Much attention was paid to the race for the U.S. Senate seat in Delaware, a seat left open when Joe Biden became vice president. Biden had tried to stage-manage events so that his son could take over in a few years. Roughly stated, the scheme was to arrange the election of an ancient and amiable Republican “moderate,” who would keep the senate seat warm for Biden fils. Local voters, sensing and resenting the scheme, booted the seat-warmer and chose one Christine O’Donnell in the GOP primary. If nothing else, she and her supporters should be applauded for foiling Biden’s dynastic ambitions.

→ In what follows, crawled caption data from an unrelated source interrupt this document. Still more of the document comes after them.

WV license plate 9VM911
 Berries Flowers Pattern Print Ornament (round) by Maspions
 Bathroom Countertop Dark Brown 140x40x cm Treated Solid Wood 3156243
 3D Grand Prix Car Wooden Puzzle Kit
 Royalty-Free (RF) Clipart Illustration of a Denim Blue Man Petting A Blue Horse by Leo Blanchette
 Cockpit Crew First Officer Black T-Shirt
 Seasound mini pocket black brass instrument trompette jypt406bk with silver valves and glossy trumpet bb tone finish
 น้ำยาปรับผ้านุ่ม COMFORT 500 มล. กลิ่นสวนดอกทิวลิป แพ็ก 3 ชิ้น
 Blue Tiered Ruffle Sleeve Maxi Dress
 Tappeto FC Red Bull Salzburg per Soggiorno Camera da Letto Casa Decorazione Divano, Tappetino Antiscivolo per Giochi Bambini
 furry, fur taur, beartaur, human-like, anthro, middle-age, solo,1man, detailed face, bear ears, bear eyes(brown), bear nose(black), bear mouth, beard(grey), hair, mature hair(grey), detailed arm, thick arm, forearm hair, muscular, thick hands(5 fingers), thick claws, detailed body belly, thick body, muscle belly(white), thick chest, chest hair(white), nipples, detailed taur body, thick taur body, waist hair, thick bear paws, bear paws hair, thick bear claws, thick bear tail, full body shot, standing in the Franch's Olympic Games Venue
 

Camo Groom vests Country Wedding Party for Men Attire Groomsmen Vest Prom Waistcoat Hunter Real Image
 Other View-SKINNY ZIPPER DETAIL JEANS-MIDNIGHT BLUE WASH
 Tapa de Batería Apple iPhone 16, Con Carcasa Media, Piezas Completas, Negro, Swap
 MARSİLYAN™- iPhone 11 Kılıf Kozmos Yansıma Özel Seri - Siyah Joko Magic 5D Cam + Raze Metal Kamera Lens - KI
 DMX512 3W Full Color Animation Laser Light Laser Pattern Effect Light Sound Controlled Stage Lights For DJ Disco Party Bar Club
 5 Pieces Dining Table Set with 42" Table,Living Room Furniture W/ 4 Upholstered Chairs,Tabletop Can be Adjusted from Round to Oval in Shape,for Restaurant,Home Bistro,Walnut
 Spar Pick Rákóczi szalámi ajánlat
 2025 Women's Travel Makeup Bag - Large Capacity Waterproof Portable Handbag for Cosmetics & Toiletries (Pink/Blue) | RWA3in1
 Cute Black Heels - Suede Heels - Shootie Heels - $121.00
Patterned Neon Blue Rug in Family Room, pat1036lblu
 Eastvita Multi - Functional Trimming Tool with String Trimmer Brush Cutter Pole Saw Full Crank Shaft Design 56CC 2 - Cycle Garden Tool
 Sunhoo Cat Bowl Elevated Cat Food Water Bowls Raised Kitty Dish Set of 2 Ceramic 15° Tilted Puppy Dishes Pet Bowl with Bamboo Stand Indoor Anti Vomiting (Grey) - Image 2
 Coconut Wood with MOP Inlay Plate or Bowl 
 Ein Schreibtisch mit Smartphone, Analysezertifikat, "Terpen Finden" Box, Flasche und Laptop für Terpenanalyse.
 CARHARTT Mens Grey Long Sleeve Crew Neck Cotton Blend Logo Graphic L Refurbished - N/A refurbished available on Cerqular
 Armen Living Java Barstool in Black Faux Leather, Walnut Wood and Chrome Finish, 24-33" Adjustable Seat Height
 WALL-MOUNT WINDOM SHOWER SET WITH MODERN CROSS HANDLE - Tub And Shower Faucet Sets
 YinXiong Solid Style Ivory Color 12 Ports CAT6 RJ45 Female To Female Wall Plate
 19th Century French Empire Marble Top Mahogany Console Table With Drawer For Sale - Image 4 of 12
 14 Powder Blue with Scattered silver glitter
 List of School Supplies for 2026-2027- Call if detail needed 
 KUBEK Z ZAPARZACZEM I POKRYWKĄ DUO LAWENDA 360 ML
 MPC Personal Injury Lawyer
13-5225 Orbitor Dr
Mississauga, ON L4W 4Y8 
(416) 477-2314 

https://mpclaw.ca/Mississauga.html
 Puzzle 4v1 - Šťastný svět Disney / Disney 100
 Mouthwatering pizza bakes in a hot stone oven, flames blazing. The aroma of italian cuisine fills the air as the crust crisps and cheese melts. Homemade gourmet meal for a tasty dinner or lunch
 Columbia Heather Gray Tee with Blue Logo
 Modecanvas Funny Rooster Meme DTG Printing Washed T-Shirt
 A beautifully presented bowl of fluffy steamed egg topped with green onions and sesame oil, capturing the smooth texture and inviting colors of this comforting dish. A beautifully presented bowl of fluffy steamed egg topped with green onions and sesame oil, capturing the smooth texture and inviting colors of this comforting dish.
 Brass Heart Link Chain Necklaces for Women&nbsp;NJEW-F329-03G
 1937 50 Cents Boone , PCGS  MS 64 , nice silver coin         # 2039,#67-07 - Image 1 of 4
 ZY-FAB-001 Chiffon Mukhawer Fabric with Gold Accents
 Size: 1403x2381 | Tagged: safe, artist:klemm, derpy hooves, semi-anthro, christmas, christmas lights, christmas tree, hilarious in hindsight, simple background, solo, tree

Statist media types insisted that Ms. O’Donnell was a “face of the Tea Party” movement for the 2010 elections, but this was an exaggeration. Although she did have the support of one large Tea Party group, Rush Limbaugh, and (relatively late in the process) Sarah Palin, O’Donnell never seemed comfortable making the case for limited government. In fact, she never seemed comfortable at all. She stumbled into several statements that made her sound like an inexperienced religious fundamentalist.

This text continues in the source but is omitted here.